What is needed »
For the listing beneath, state how many lines contain the string "Volkswagen". Give the number by itself.

Supplied entries »
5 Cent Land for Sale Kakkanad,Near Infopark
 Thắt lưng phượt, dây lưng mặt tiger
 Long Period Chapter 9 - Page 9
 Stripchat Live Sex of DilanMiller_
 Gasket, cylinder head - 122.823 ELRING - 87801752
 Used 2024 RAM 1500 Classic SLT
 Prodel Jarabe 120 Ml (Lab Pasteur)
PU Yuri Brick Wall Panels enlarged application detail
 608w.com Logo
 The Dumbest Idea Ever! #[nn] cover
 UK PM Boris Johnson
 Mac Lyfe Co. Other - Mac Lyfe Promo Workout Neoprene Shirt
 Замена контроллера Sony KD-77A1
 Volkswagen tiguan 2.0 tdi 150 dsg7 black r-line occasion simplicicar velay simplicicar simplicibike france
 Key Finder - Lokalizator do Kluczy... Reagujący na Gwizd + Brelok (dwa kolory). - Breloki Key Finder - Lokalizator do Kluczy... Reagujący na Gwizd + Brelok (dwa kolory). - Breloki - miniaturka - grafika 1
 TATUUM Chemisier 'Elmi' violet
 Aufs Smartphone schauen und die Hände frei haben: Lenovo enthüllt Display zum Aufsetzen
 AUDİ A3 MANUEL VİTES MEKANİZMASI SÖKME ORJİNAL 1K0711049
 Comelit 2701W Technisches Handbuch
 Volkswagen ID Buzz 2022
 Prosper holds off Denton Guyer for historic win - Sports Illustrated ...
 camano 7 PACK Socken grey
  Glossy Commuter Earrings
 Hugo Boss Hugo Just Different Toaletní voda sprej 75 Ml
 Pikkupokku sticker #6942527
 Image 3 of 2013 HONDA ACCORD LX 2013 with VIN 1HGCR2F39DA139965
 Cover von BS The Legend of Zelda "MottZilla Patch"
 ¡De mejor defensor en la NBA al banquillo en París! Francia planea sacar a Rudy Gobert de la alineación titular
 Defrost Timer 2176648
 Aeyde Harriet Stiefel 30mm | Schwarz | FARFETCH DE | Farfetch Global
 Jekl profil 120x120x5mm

Answer space »
2